--- START ---
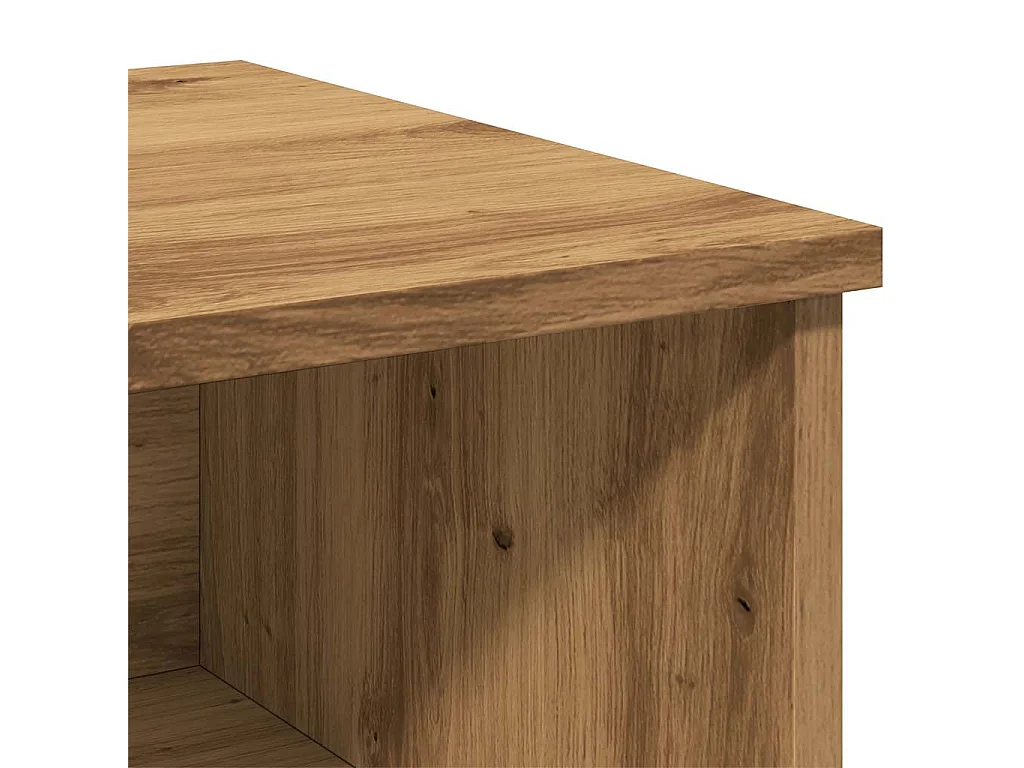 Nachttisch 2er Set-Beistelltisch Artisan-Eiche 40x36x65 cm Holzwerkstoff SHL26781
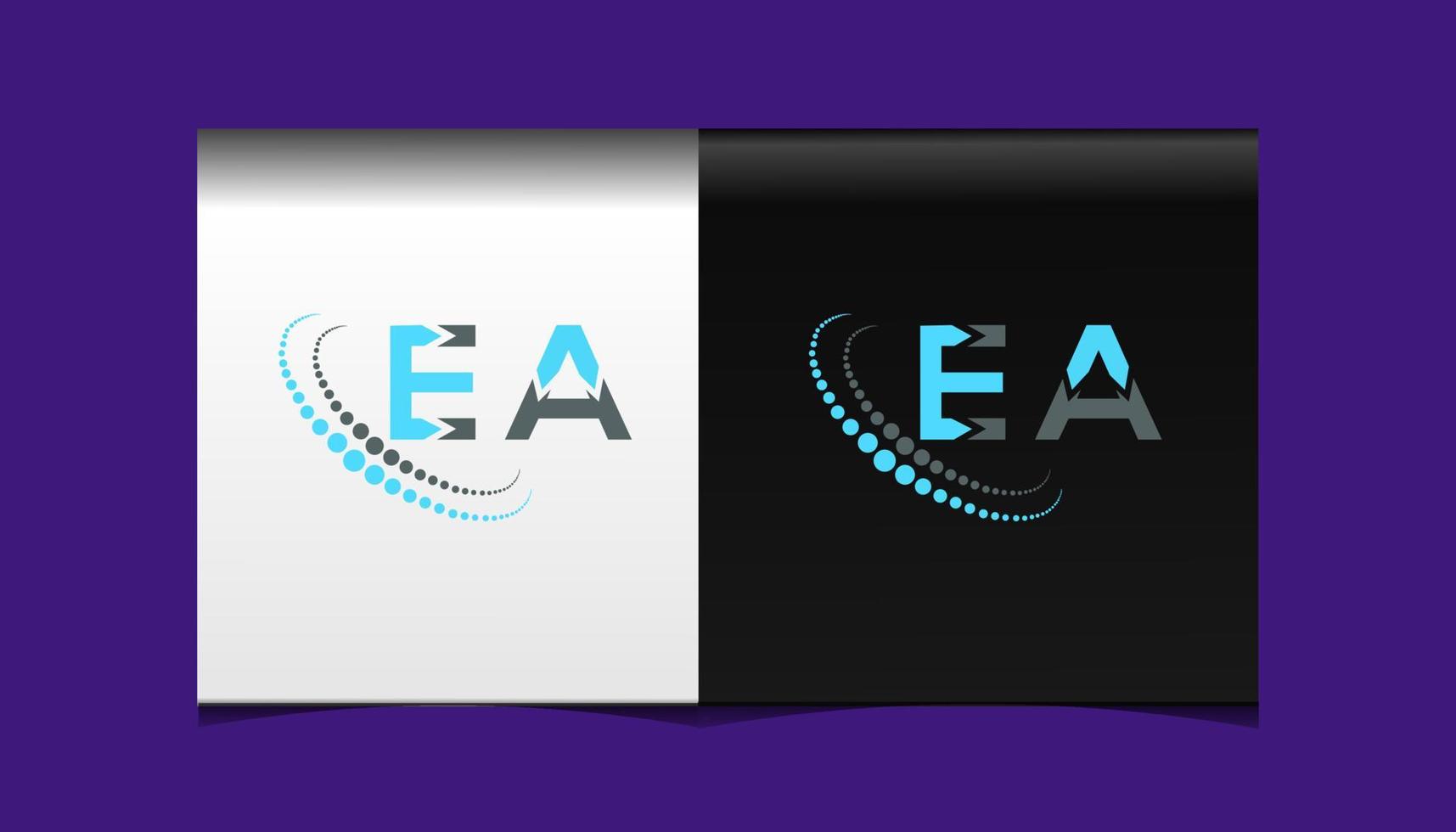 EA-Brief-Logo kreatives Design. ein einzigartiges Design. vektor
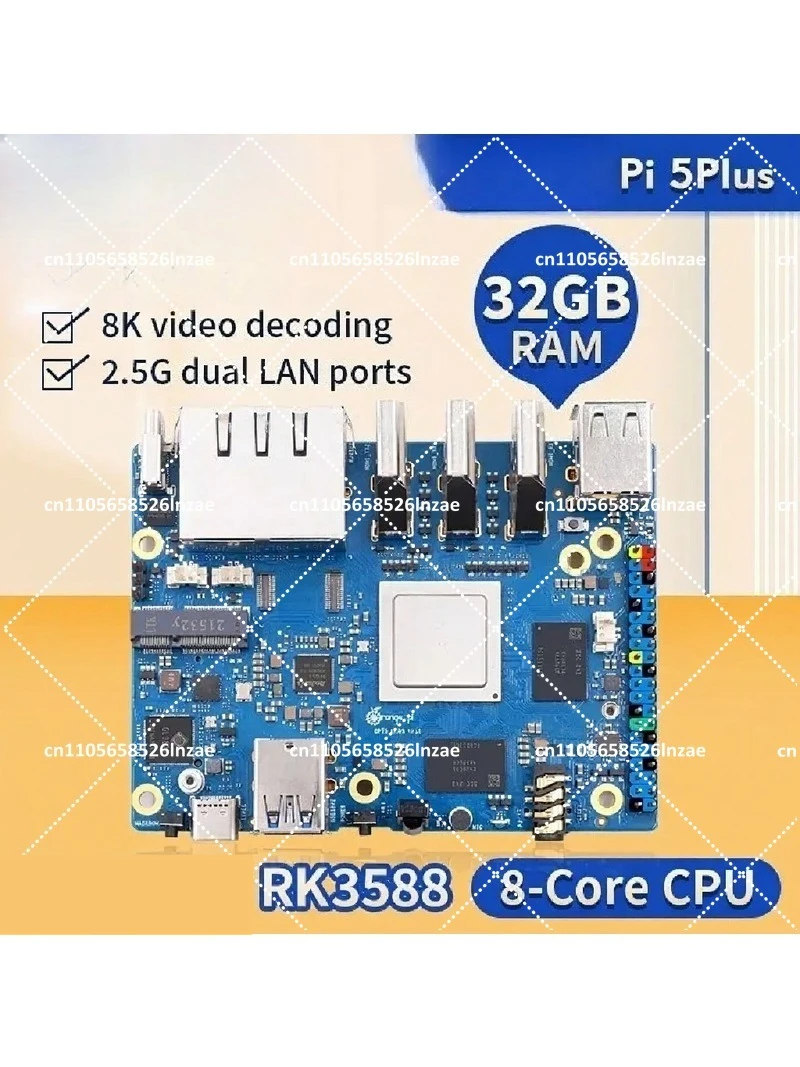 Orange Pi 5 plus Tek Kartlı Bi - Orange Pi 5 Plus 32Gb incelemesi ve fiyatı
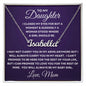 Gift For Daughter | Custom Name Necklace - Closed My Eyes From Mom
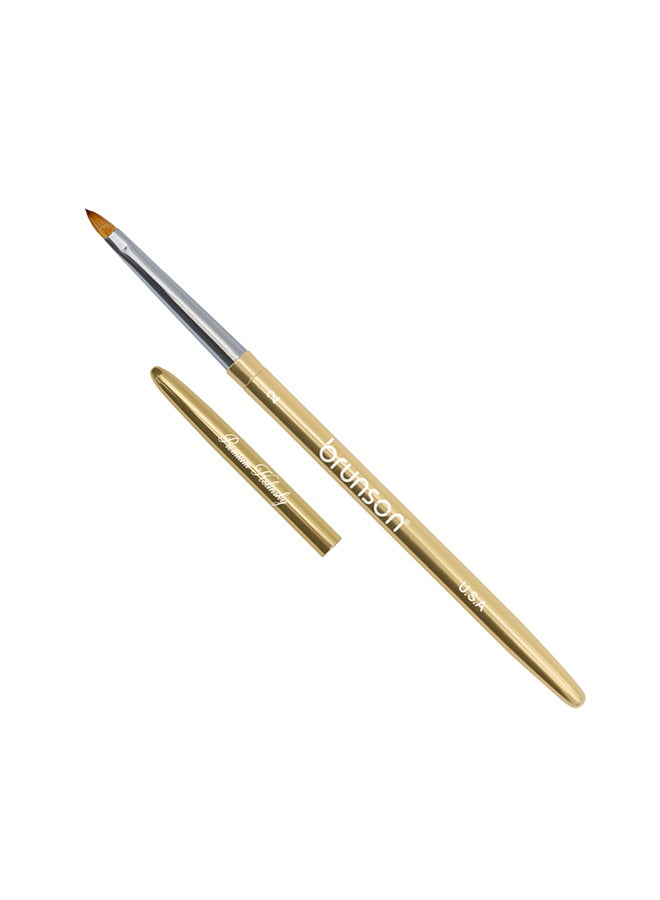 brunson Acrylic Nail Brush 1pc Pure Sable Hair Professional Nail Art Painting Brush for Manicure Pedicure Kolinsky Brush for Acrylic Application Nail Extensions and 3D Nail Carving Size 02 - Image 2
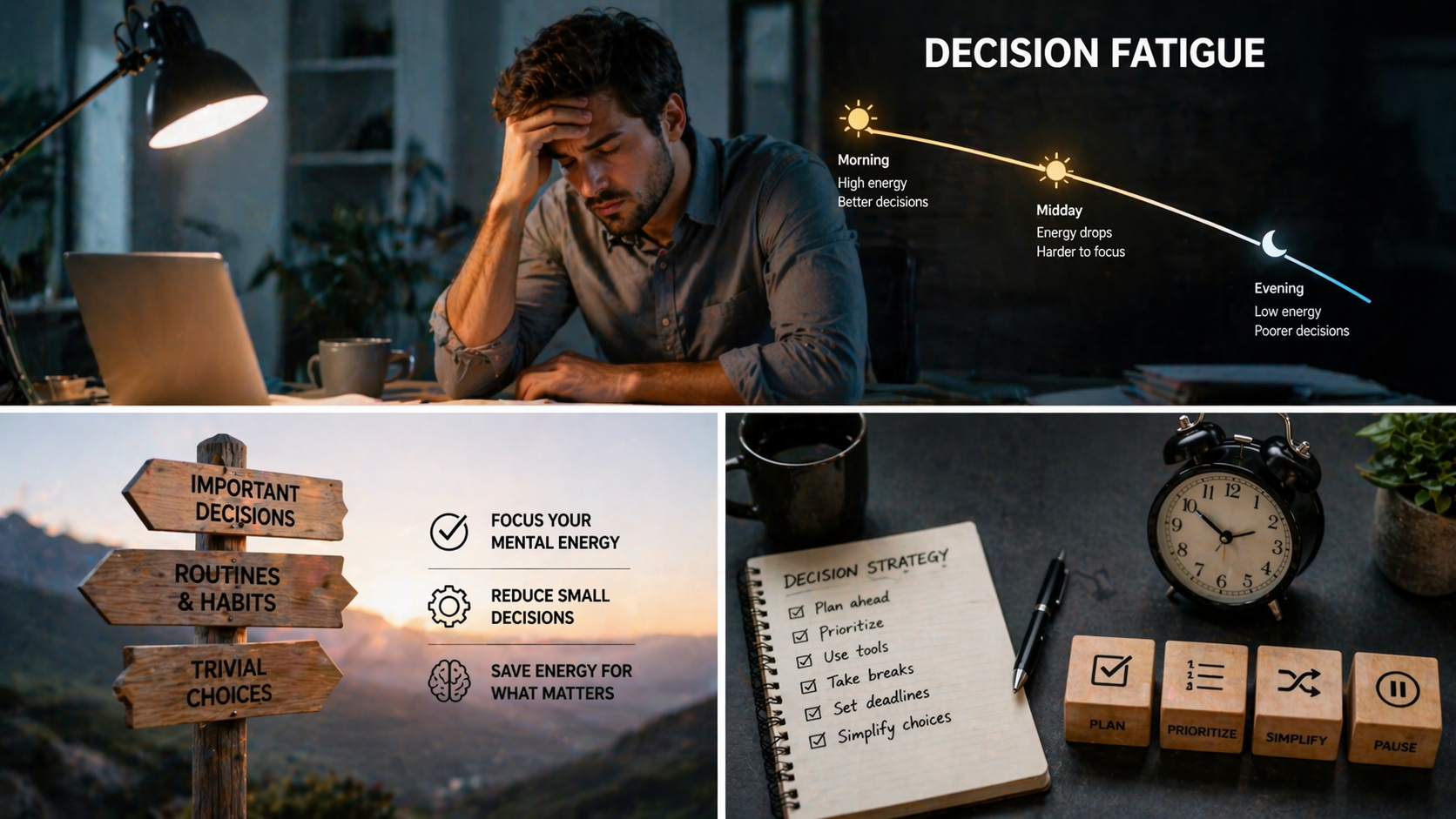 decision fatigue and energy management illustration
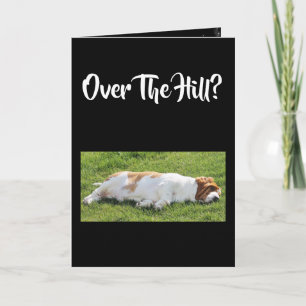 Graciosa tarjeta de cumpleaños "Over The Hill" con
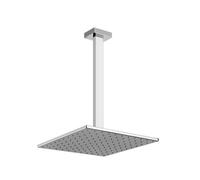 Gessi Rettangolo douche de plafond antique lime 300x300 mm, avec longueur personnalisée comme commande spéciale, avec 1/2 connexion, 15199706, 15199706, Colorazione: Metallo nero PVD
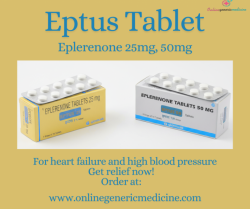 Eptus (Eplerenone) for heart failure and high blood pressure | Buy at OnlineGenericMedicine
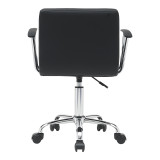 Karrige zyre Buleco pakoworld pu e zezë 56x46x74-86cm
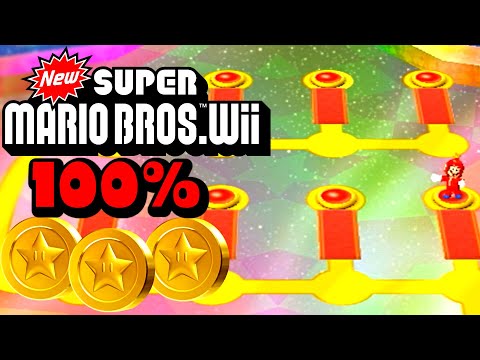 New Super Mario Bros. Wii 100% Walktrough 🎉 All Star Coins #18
--- END ---
> **TASK TO CARRY OUT**: Could you return, word for word, every line from the line with "Graciosa tarjeta de" through the last line of the listing above, both ends included, without any pictures?

> **TASK OUTPUT**:
 Graciosa tarjeta de cumpleaños "Over The Hill" con
 Gessi Rettangolo douche de plafond antique lime 300x300 mm, avec longueur personnalisée comme commande spéciale, avec 1/2 connexion, 15199706, 15199706, Colorazione: Metallo nero PVD
 Eptus (Eplerenone) for heart failure and high blood pressure | Buy at OnlineGenericMedicine
 Karrige zyre Buleco pakoworld pu e zezë 56x46x74-86cm
 New Super Mario Bros. Wii 100% Walktrough 🎉 All Star Coins #18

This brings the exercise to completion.